Kaiser Permanente strike: Why workers walk out across the U.S. calling for 'respect and value'
AURORA, Colorado — From coast to coast Wednesday, more than 75,000 Kaiser Permanente workers picketed outside of health care facilities, arguing that staffing shortages have reached crisis levels for employees and patients alike.
The strike, which the Coalition of Kaiser Permanente Unions has said is the largest work stoppage of health care workers in U.S. history, was on display from California to Virginia, with workers walking out at 6 a.m. local time.
The striking workers include a wide array of professionals, including vocational nurses, ultrasound sonographers, respiratory therapists, emergency department technicians, housekeepers and more.
The majority of striking workers were in California, according to a representative: 60,000 from the Service Employees International Union-United Healthcare Workers West, and an additional 5,000 from the Office and Professional Employees International Union, Local 30 in San Diego.
In Sacramento just before 7:30 a.m. PT, striking workers lined the street outside of a medical center, holding signs that read “Kaiser workers won’t be silenced” and “Respect and value health care workers.” Some shook tambourines, rang yellow bells or banged on pots. Many drivers honked in support as they passed by.
On the other side of the country, outside of the Kaiser Permanente Springfield Medical Center in Springfield, Virginia, workers chanted, “Hey Kaiser, come on out, we’ve got something to talk about!” Some were dressed in white coats as they marched.
Sarah Levesque, the secretary-treasurer for OPEIU Local 2, told NBC News’ Tom Costello that workers were “looking for Kaiser executives to come to the table and bargain in good faith over the short-staffing crisis.” She said there were about 180 optometrists and pharmacists striking in Springfield.
“We just don’t have the staff to adequately take care of our patients,” Levesque said. “These people got into health care because they wanted to take care of patients and they’re just stretched too thin. It’s taking up to three months to get appointments with some of the doctors.”
David Hawa, an ambulatory care pharmacist in Springfield, echoed those concerns.
“We don’t have enough pharmacists to deliver the health care needed for our patients,” he said.
The result of that, he said, is “longer lines, cancellation of appointments. frustrated customers on the phone or in line.”
“It’s not the best we can do, and it’s not fair for our patients,” he said.
The same sentiment prompted workers to strike in Aurora, Colorado, a suburb of Denver.
“We’re short-staffed and patients have to wait more than a month to be seen,” said Lorena Jackson, who works in scheduling in primary care. “By then, you’re either feeling better, dead or you have to pay more money out-of-pocket to visit urgent care.”
Employees said they were also protesting for more wages in light of skyrocketing housing prices in Colorado.

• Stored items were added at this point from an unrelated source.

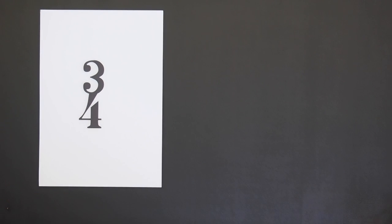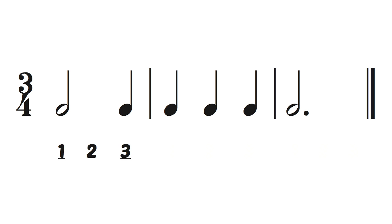Three-four means there are three quarter note beats in a measure like this. One, two, three,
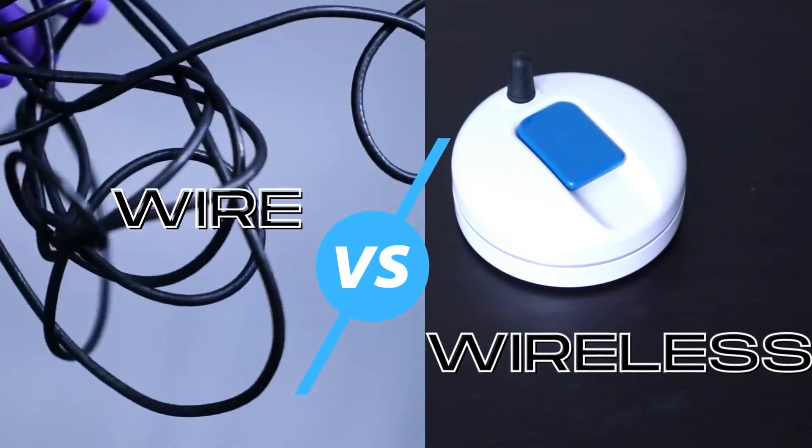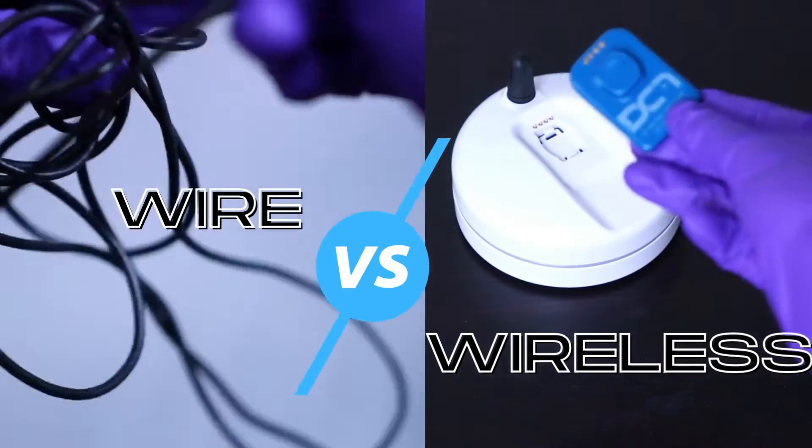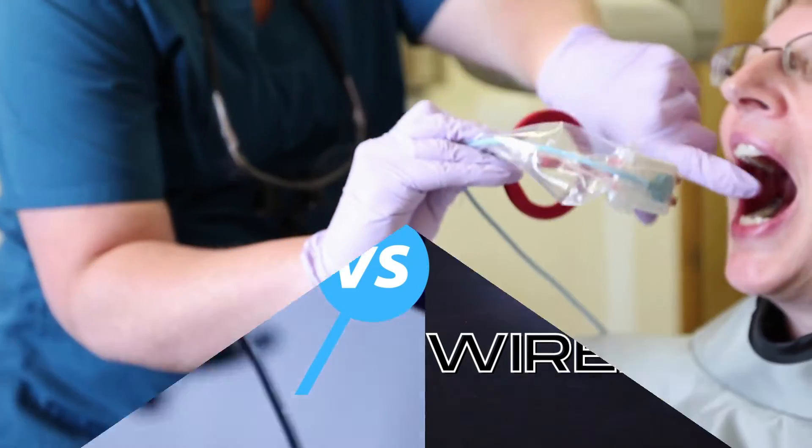Number one is wired or wireless sensor. The traditional wired sensor has long been the standard of practice since the first digital x-ray sensor came on the market in 1999.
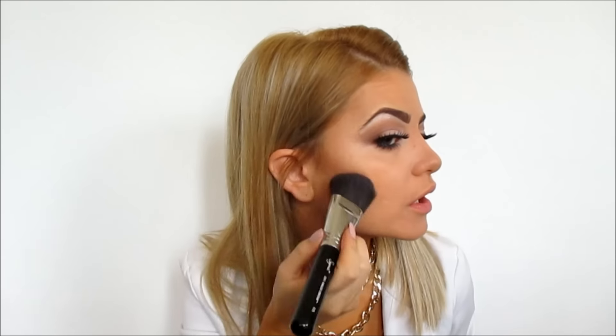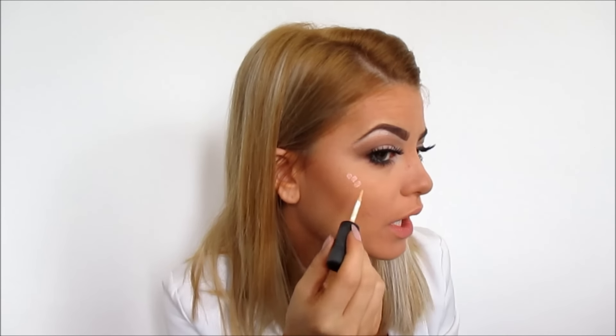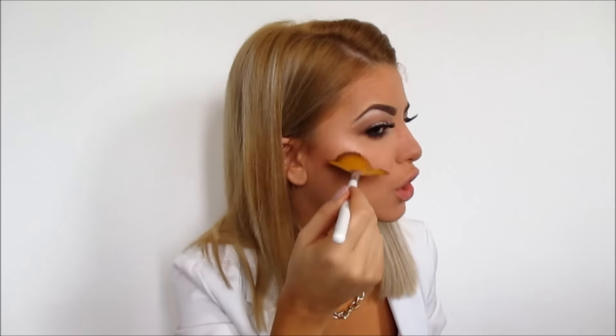Now with my Sigma Hour Powder I'm going to contour a little bit using the Sigma Soft Angle Contour Brush F23. Just a little bit, I'm not going to overdo it. And of course I'm also going to highlight. I like to apply my highlighter at the end when my makeup is done — I find it makes the highlight more glowy. And on top of that I'm going to apply one more highlighter because why not, you only live once.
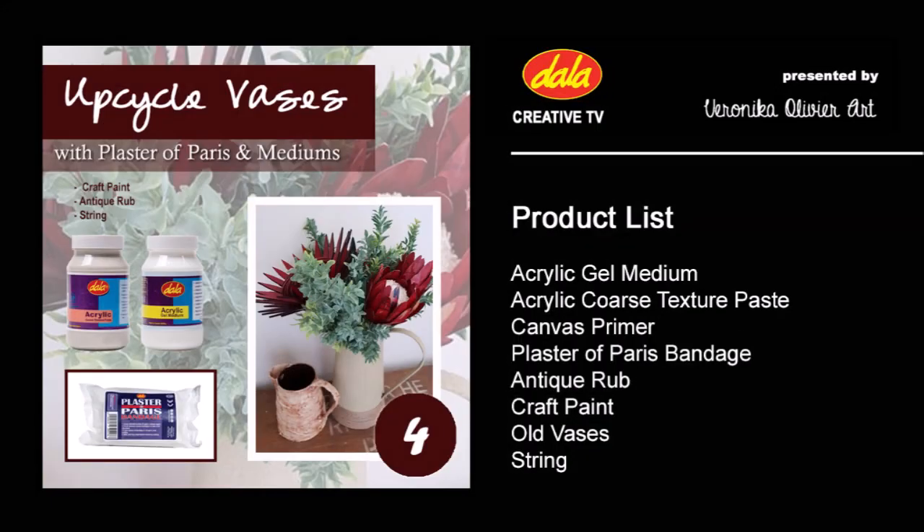Hi everyone and welcome to Dala's Creative TV channel. My name is Veronica Ullifid and I am a mixed-media artist — welcome to my studio. This week I am going to give two old vases a new look on life with Dala mediums.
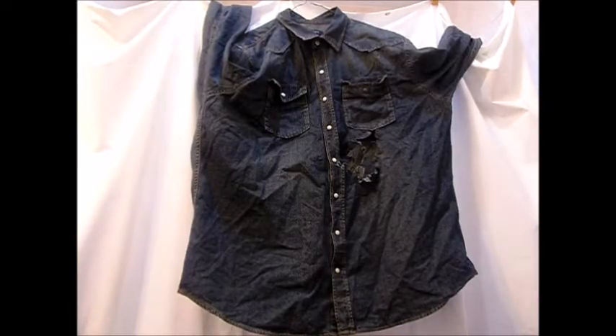Hey guys, this is TJ coming to you with another video. I doubt you guys will see me in this video because I look ratchet. If you guys know me personally, you know I'm probably wearing my bonnet — which I am — my sweats, and an Old Navy t-shirt, with black socks on.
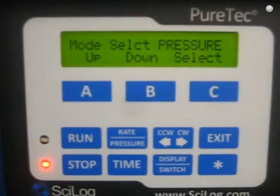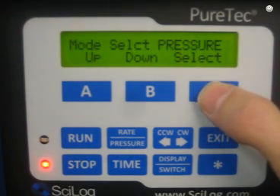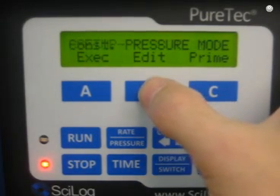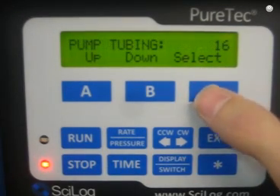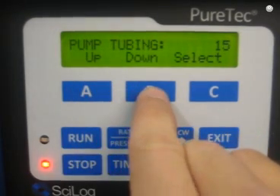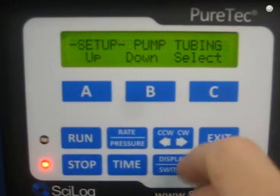Setting up your TFF run is really just a matter of setting a few parameters within one of the several menus. Let's take a look at an example of changing a parameter, because if you can change one parameter, you can change all of them. I'm going to go into the constant pressure mode and change the tubing size. Right now we're using number 16 tubing from MasterFlex. I'll hit Select, then Edit. This allows me to change the pump tubing. I hit the Select button and there are several different tubing sizes — 17, 18, 15 — and in this case the default is 16. I'm going to choose 16 and hit Select. That's how you change a parameter.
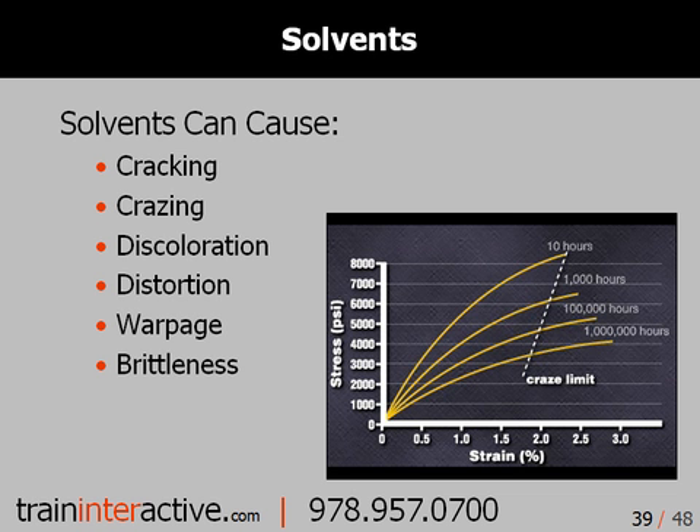Under controlled conditions, these tests can be very helpful in determining the long-term performance of a part, especially when used for comparison.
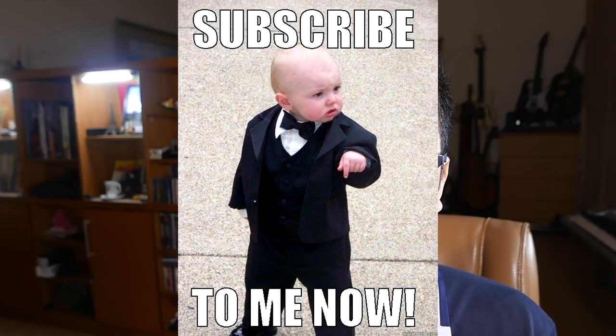That is all for today's video. I hope you find this video useful. Please like, comment, share, and subscribe to my channel. Also check me out on Instagram and my photography blog with the link in the description below. Thanks and goodbye.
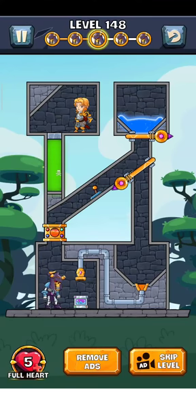Hey, what's up guys, welcome back to another gameplay video — how to complete layer 148. But first, please subscribe to my channel and press the bell icon to get more videos like this. So let's play it.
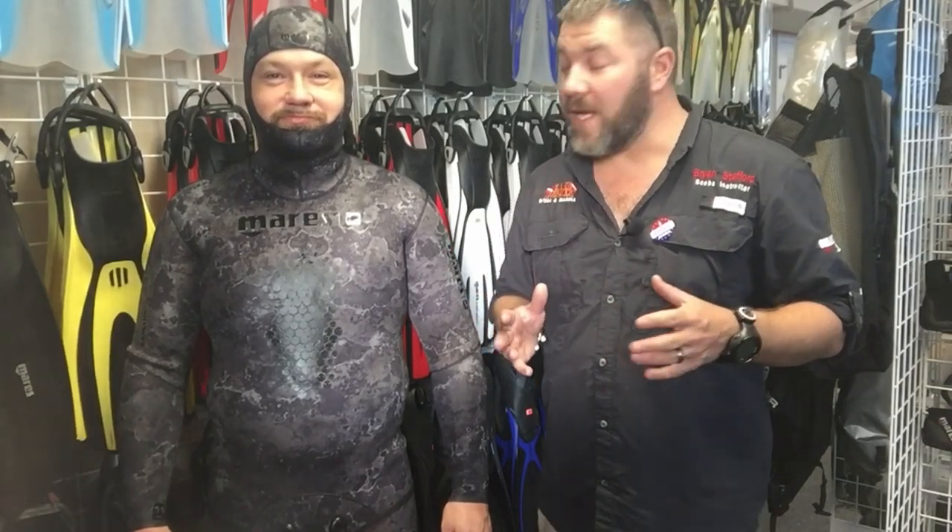What's up guys, it's Brian again from Lake Hickory Scuba Marina. Got another quick gear review for you today — we're gonna look at a free diving, or more importantly a spear fishing free diving suit from the Mares Instinct line.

“The price of living is too high and these companies need to start paying accordingly,” said Lavette Clardy, who also works in scheduling and is a labor union member with SEIU Local 105. “People are here risking their lives and can’t afford a work-life balance and enjoy their families.”
Based in Oakland, California, Kaiser Permanente is a nonprofit health system that serves nearly 13 million people in its 39 hospitals and more than 600 medical facilities nationwide, according to its website.
The strike, set to last up to three days in some areas of the country, came after labor negotiators and Kaiser Permanente failed to reach a new contract deal before the previous agreement expired on Saturday.
Talks are ongoing, according to a spokesperson for Kaiser Permanente, who said in a statement after the strike began that “there has been a lot of progress, with agreements reached on several specific proposals late Tuesday.” The spokesperson added that hospitals, emergency rooms and pharmacies would remain open during the walkout.
The strike began in Washington, D.C., and Virginia at 6 a.m. ET before expanding to Colorado, California, Oregon and Washington, according to the Coalition of Kaiser Permanente Unions.
The coalition said workers were taking action to “protest Kaiser executives’ bad faith bargaining, which is getting in the way of finding solutions to solve the Kaiser short-staffing crisis by investing in its workforce.”